We thought it might be interesting to give everyone a look behind the gate at one of our refineries. Flint Hills agreed to show us around their place and we took them up on their offer.
Once inside, we went straight to the nerve center of the refinery. It's called the central control room. It's located at the West plant off Suntide. Mike Fessenden is the daylight shift manager.
"These gentlemen here run the mid and West crude unit and they're also responsible for monitoring our first and third stage flare," says Fessenden.
The workers train their eyes on the computer screens to make sure every area of the plant is running properly. They have the power to shutdown or turn on practically anything and everything in the East and West plants. With that much authority, comes a lot of training. Fessenden told us it takes about a years worth of training to get someone ready to take on the responsibility of this job.
"Today it's real time, in the past it was a phone call. Someone would drive a truck over to a unit and have a conversation that way, but today it's instantaneous when something happens here they know about it over there. So without central control there's a lot of thing's we couldn't do that we do today," says Fessenden.
Flint hills handles about 300,000 barrels of oil per day. Of course, a lot of that oil is coming from right here in Texas. Drilling rigs are popping up all over the state with the Eagle Ford Shale discovery pumping billions of dollars into our economy. Here at the plant, all that product is stored in huge tanks. Some can hold half a million barrels of oil.
"We blend mixtures of crudes. In this case some foreign crude and some domestic crude and we pump that into our crude units," says Rolland Longoria with Flint Hills.
The crude units at the West plant separate out the salt and sand from the oil. Then the crude is sent to a heater tower where different temperatures help to transform it into diesel, jet fuel and of course gasoline. It takes about 24 hours to complete the process.
"You have a lot of employees here and it's a process of taking something that's naturally occurring in the ground and using technology if you will that will translate into a product that will help the community provides gasoline, plastic bottles," says Valerie Pompa, Flint Hills Production Manager.
There's another thing people may wonder about.
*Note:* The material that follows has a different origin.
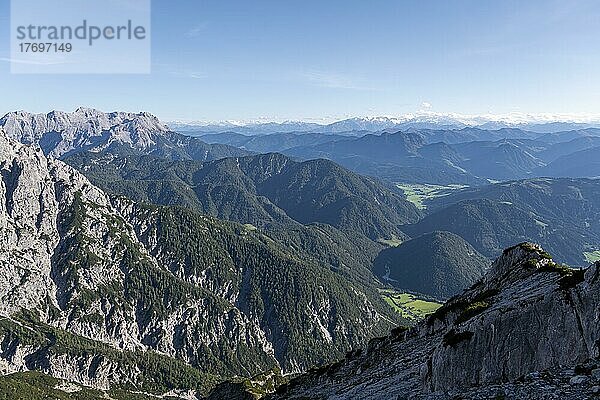 Berglandschaft mit Leoganger Steinberge  Ausblick vom Nuaracher Höhenweg  Loferer Steinberge  Tirol  Österreich  Europa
What's all that smokey stuff that's always coming from the plants?
"What you're seeing in those steam clouds is just it, steam so no different than if you had a teapot at home or an iron you're heating up water and that's a vent for that steam and why you see it more on some days has to do with humidity and other outside conditions," says Pompa.
There's also the question about the flares we always seem to see on the news. Sometimes the flames can be seen for miles.
"The flares are pure and simple a safety device and our philosophy around our plants is they're there for one purpose emergency only and you'll never see Flint Hills using flaring to try and increase production. In fact, when you flare you're losing a lot of money so it's counterintuitive that you would ever flare to make money," says Flint Hills Plant Manager, Phil Gaarder.
Once all the crude is turned into various fuels the final product is sent out through these pipelines that run all through the plant.
There are two pipelines with both going to North Texas. Flint Hills is looking to get more of that Eagle Ford oil into its plant. That's why it's working on completing a new pipeline from Pettus in Bee County to another site just outside of Taft. Koch Pipeline is in charge of the project.
"We're really in a boom. This is one of the biggest opportunities in this area for crude oil and we're sitting really on the Eagle Ford play which is one of the largest crude oil plays in the united states," says Steve Ostrom, Director of Engineering for Koch Pipeline.
The Eagle Ford Shale promises to keep refinery row running at full capacity as they work behind the gate to keep the country going.